Но хозяин и хозяйка шли на поводу у капризов своего Пиньки и вскоре непрозрачно намекнули Лютику, что готовы накинуть ей десять баксов своего договора, если она согласится отобедать с Пинькой, на новеньком, специально привезенном из Парижа, коврике.

Лютик артачилась недолго. Здраво рассудив, что питаться с получением солидной надбавки, можно даже сидя на голом полу. Чай, не графья.

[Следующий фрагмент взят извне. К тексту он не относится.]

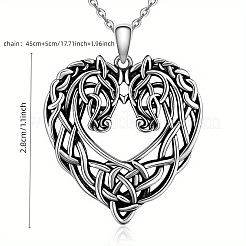 Alloy Viking Knot Heart Horse Pendant Necklaces&nbsp;FS-WG2DD1C-01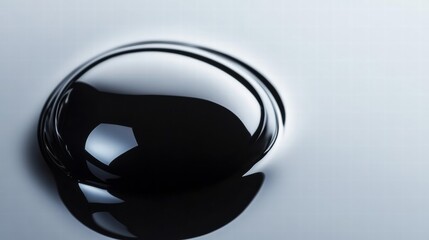 Poster - Close up of a black oil drop reflecting light against a smooth surface in natural light. Generative AI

А Пинька расценил уступку Лютика по-своему, по-собачьему уразумению и стал ревностно следить за тем, чтобы Лютика ни при каких обстоятельствах не ущемляли. И пошло, и поехало! Пиньку стригут – Лютика стригут. Импортной машинкой, но собачьей. Пиньке – намордник, Лютику – намордник. Лютик его, правда, на голову одевала, как шапочку. И вскоре все дамы с собачками стали ходить с похожими головными уборами. И даже персональный телевизор Лютику купили. Только подержанный.

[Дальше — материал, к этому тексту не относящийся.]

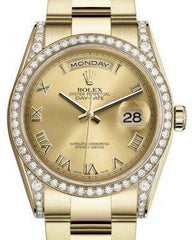 Rolex Day-Date 36 Yellow Gold Champagne Roman Dial & Diamond Set Case & Bezel Oyster Bracelet 118388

Но, когда наступило полнолуние, а Пинька наотрез отказался выть в собачьем одиночестве на бледно-желтый диск за окном, тут уж Лютик и сама взвыла самым натуральным образом.

- Лучше я к себе на работу вернусь,- бормотала Лютик, обливаясь горючими слезами, на коврике возле телевизора. Дурной Пинька радостно лизал широким, как лопата, языком её соленые щеки. – Там хоть начальник и лает иногда, но к луне абсолютно равнодушен.

И Лютик сбежала. Позорно, тайком. Не прихватив даже честно заработанные деньги и вещи: кимоно с зеленым поясом в цветочек, намордник, коврик и телевизор. Да они не особенно и нужны были ей теперь. Потому что сбежала она не одна, а с секьюрити, который предложил ей выйти за него замуж.

Пинька сильно тосковал. Подбегал к двери и нетерпеливо скреб когтями обивку двери, если слышал за нею приближающиеся шаги. Но приходили чужие люди. Заискивая перед Пинькой, угошали его шоколадом и печеньем. Но Пинька ждал девушку, от рук и волос которой, едва заметно пахло чертежной тушью. Но она не возвращалась.

И тогда Пинька решил сам найти её, вспомнив, что рожден ищейкой, а не манерной, комнатной болонкой. Он старательно обнюхал коврик Лютика, стянул с комода фарфоровую свинью с прорезью на загривке и с пасхальным звоном сиганул со второго этажа прямо на клумбу с цветами. Но не смог взять след. Этого они с Лютиком еще не проходили. Пинька понуро поплелся домой, не обращая внимания на улюлюканье зловредных мальчишек.

И зажил Пинька прежней своей жизнью. С ежедневным бифштексом, послеобеденным сном и получасовой прогулкой на балконе. К нему вернулись аппетит, одышка и степенный нрав.

Но иногда, перед сном, Пинька вспоминал смешную, сероглазую девушку, которая учила его бегать трусцой и для чего-то перепрыгивать через высокий деревянный барьер.